Nearby genomic variants are often co-inherited because of limited recombination. The extent of non-random association of alleles at different loci is called linkage disequilibrium (LD) and is commonly used in genomic analyses, for example to detect regions under selection or to determine effective population size. Here we reversed testing and addressed how demographic history may affect LD within a species. Using genomic data from more than a thousand individuals of North American Arabidopsis lyrata from across the entire species’ range, we quantified the effect of postglacial range expansion and a shift in mating system from outcrossing to selfing on LD. We show that both factors lead to increased LD, and that the maximal effect of range expansion is comparable with a shift in mating system to selfing. Heightened LD involves deleterious mutations, and therefore, LD can also serve as an indicator of mutation accumulation. Furthermore, we provide evidence that some genes experienced stronger increases in LD possibly due to selection associated with the two demographic changes. Our results provide a novel and broad view on the evolutionary factors shaping LD that may also apply to the very many species that underwent postglacial range expansion.


Linkage disequilibrium (LD) measures the non-random coinheritance of alleles at different loci [1]. LD is a common operational variable in genetics and evolutionary biology [2], used among others to map quantitative trait loci [3], estimate effective population size and past founder events [4,5], or to detect genomic regions under selection[6]. However, LD does not unequivocally reveal underlying genomic and evolutionary processes because it can be influenced simultaneously by several factors [2]. For example, theory predicts that average LD increases across the genome due to demographic bottlenecks and enhanced genetic drift [7,8], and locally in some genomic regions, as a result of selection or structural genomic rearrangements such as inversions [9]. Conversely, gene flow and recombination are predicted to reduce LD [2]. Because multiple factors can shape LD, identifying the relevant evolutionary processes is challenging and requires the study of replicate populations at a genomic and genic level. Here we focused on the role of two demographic factors that are predicted to foremost affect genetic drift and as a consequence LD. Based on whole-genome sequences of many replicate populations of North American Arabidopsis lyrata, we assessed the role of range expansion and mating system shift in shaping current patterns of LD across an entire species’ range.
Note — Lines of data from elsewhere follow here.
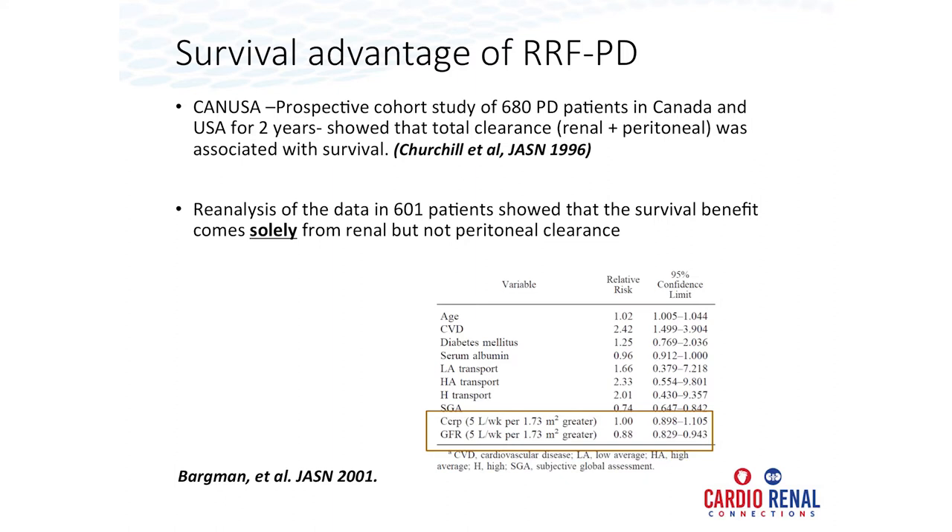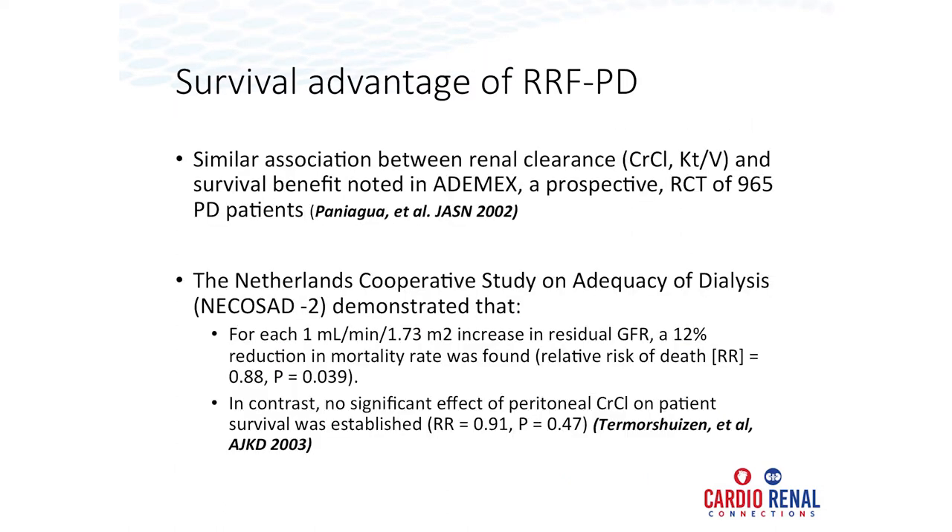Each 5 liters per week increase in intrinsic GFR — measured as urea clearance — was associated with 12% lower odds of dying. A similar increase in creatinine clearance by peritoneal clearance did not confer that survival benefit. Similar observations were seen in EDIMEX, a prospective randomized controlled trial in 965 peritoneal dialysis patients, and in the Netherlands Cooperative Study on Adequacy of Dialysis. Again, each 1 ml increase in residual GFR was associated with 12% lower odds of dying, with no effect from peritoneal clearance. These findings across different demographics confirmed the data in peritoneal dialysis patients.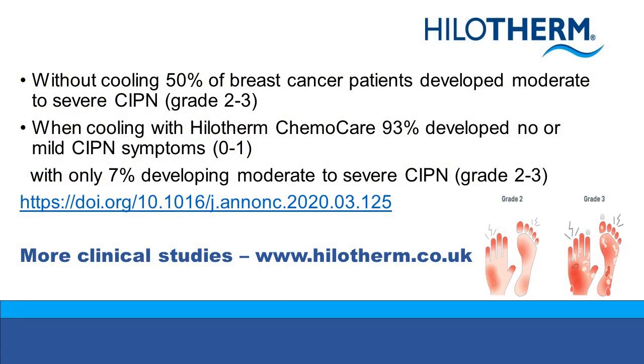One study found that without cooling, 50% of breast cancer patients developed moderate to severe CIPN symptoms, whereas when Hilotherm cooling was used, 93% of patients did not develop moderate to severe symptoms.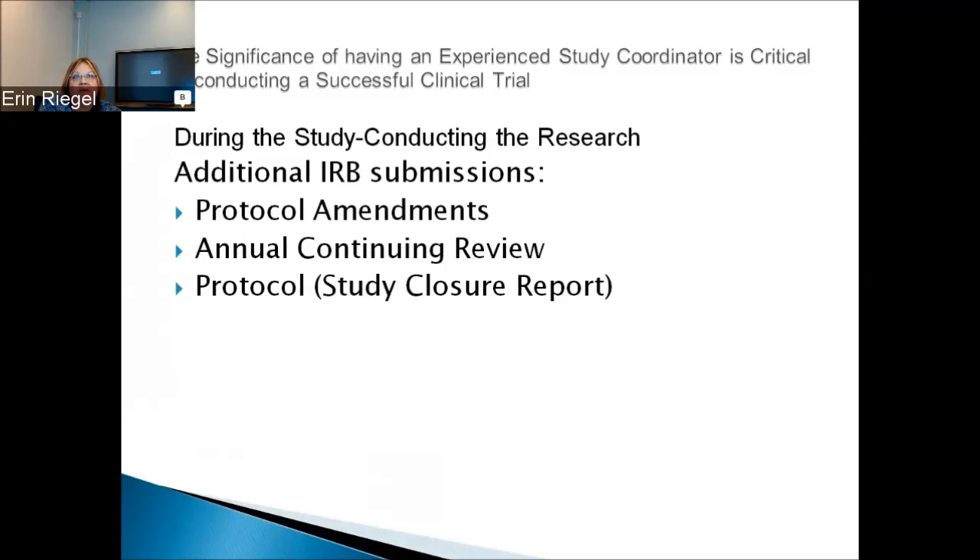During the study, you may need to do additional IRB submissions. If the sponsor changes the protocol and adds things, an amendment must go to the IRB and be approved before implementing any additions. Annually, you must complete a continuing review report and submit it to the IRB — they want to know how the study is going, how many patients you've enrolled, whether patients have dropped out, etc. There is a form in IRBNet for this; it should be done 60 days in advance. If submitted at the last minute, the IRB may not approve it and you might have to halt enrollment — you can continue with current patients but cannot enroll anyone new until you receive approval.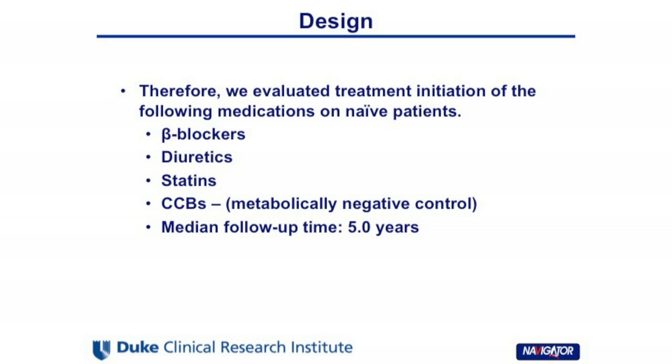We examined the initiation of treatment among patients who were treatment-naive at baseline for the following four subgroups: beta blockers, diuretics, statins, and calcium channel blockers, which served as a negative control. The median follow-up was five years.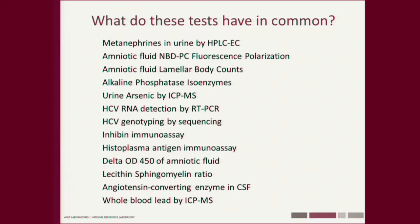Here's a list of tests — metanephrines, fluorescence polarization of amniotic fluid, lamellar body counts in amniotic fluid, alkaline phosphatase isoenzymes, arsenic by ICP mass spec. What do these have in common? They're all lab-developed tests that I've been responsible for reviewing, signing out, and conducting. Half the tests on ARUP's menu are lab-developed tests.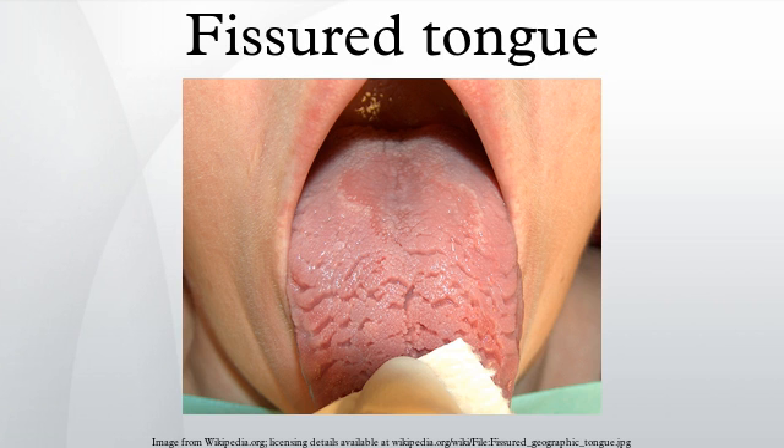There are usually multiple grooves and furrows 2-6 mm in depth present. Sometimes there is a large central furrow with smaller fissures branching perpendicularly. Other patterns may show a mostly dorsolateral position of the fissures. Some patients may experience burning or soreness.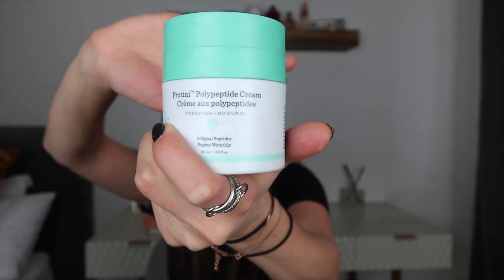Product number two is a moisturizer by Drunk Elephant. It's called the Proteiny Polypeptide Cream, and it strengthens, moisturizes, reinforces, and hydrates your skin. It's a breakthrough protein moisturizer filled with a bunch of amino acids and really great stuff that's awesome for rosacea and texture. It smooths the texture of your skin, calms it down, and hydrates it — a really, really good product.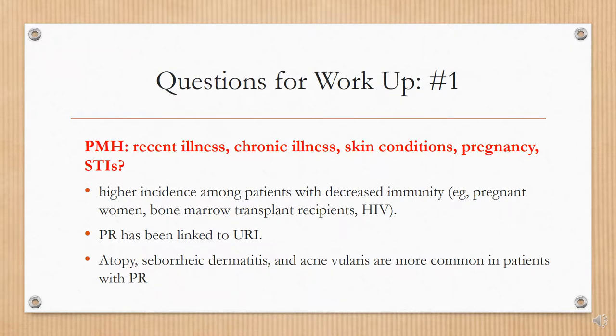For your workup, question one regarding past medical history: you want to ask the patient about recent illness, chronic illness, skin conditions, pregnancy, and a history of STIs. There is a higher incidence among patients with decreased immunity — for example, those who are pregnant, bone marrow transplant recipients, or those who have HIV. PR has been linked to upper respiratory infections, and atopic seborrheic dermatitis and acne are more common in patients with PR.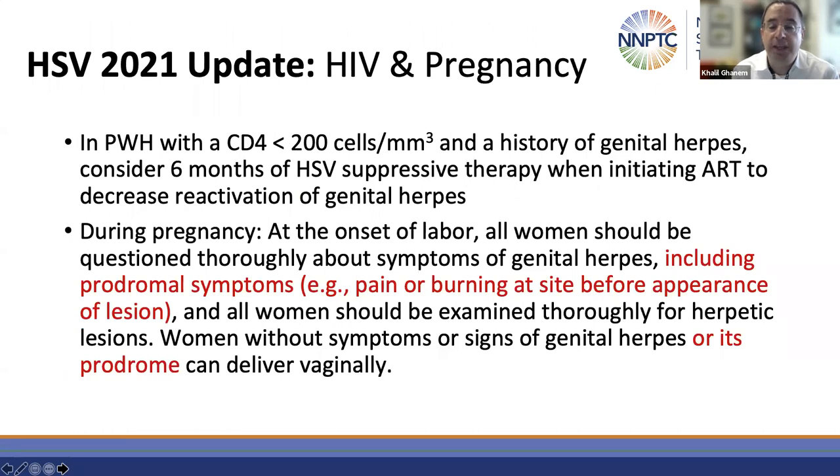For HSV in the setting of HIV and pregnancy: persons living with HIV with a CD4 count less than 200 and a history of genital herpes should be considered for six months of HSV suppressive therapy when initiating ART, to decrease the reactivation potential of genital herpes. During pregnancy, at the onset of labor, all women should be questioned thoroughly about symptoms of genital herpes including prodromal symptoms. Previously, a C-section was recommended only if they had active lesions at the time of delivery — now it has expanded to include individuals who have prodromal symptoms, as they are probably actively shedding the virus.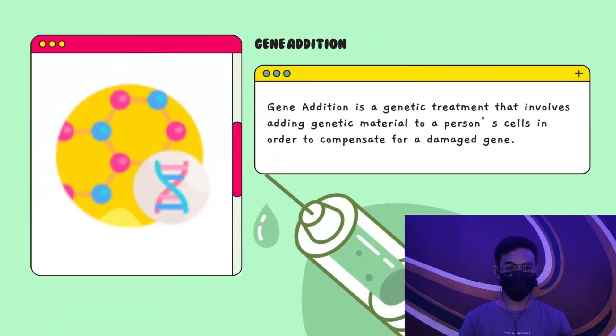Gene addition is a genetic treatment that involves adding genetic material to a person's cells in order to compensate for a damaged gene.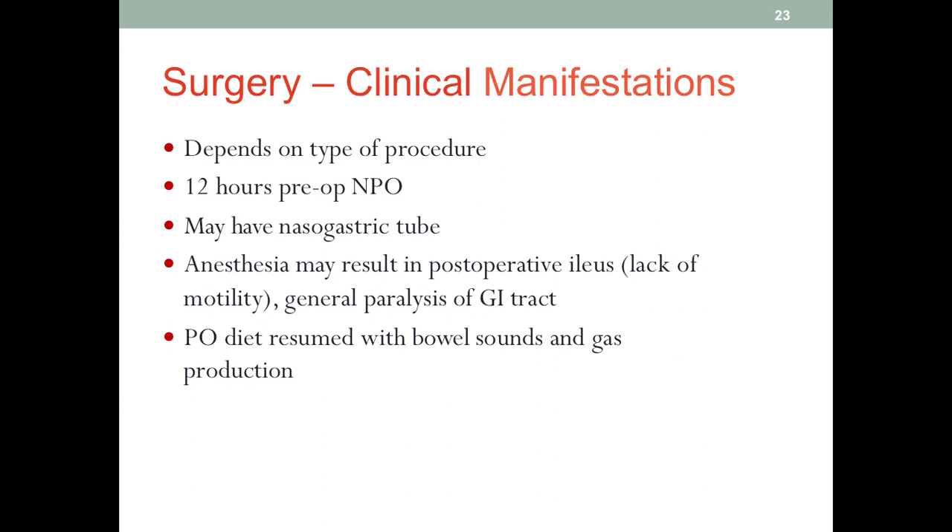Many patients will receive an NG tube before surgery, and this can serve more than one purpose. NG tubes can be used for suction purposes — if during surgery there is GI distension, we can apply suction to get air out of the gut, making the surgery a little easier. NG tubes can also serve as a route to deliver enteral nutrition, so this tube does have more than one purpose.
Range expansion generally happens via serial founder events along the expansion axis and is accompanied by heightened genetic drift [10]. One of the consequences of genetic drift is increased LD [2,7,11] that may extend over larger genomic regions [8]. Average genome-wide LD is predicted to increase because founder events result in the loss of some ancestrally recombined haplotypes and the increase of others [12,13]. However, due to the stochastic nature of the process of genetic drift, the magnitude of LD is expected to vary greatly across the genome [11,14]. Drift-induced LD is predicted to constrain the response to directional selection and the adaptive potential of populations. During range expansion, individuals need to establish, and populations need to frequently adapt to novel environmental conditions. LD may reduce the potential for local adaption because it slows the spread of favorable alleles at linked loci on their way to fixation [15,16]. Furthermore, LD may also involve deleterious mutations as mutational load is predicted to accumulate via genetic drift under range expansion [17]. The interaction between LD, genetic drift and mutational load may further reduce the efficacy of directional selection [18]. Despite the aforementioned theoretical predictions, empirical evidence for an increase in LD with range expansion is limited to humans. Here the expansion out of Africa was found to be associated with a decline in genetic diversity and an increase in LD with distance from the presumed origin of the species [19,20], while subsequent founder events and bottlenecks further contributed to increased LD in some populations [21]. More research on the magnitude of impact of range expansion on LD is therefore needed, given that most if not all species once expanded their range, and that most species remain having fairly dynamic ranges, which has become most obvious under recent climate change [22].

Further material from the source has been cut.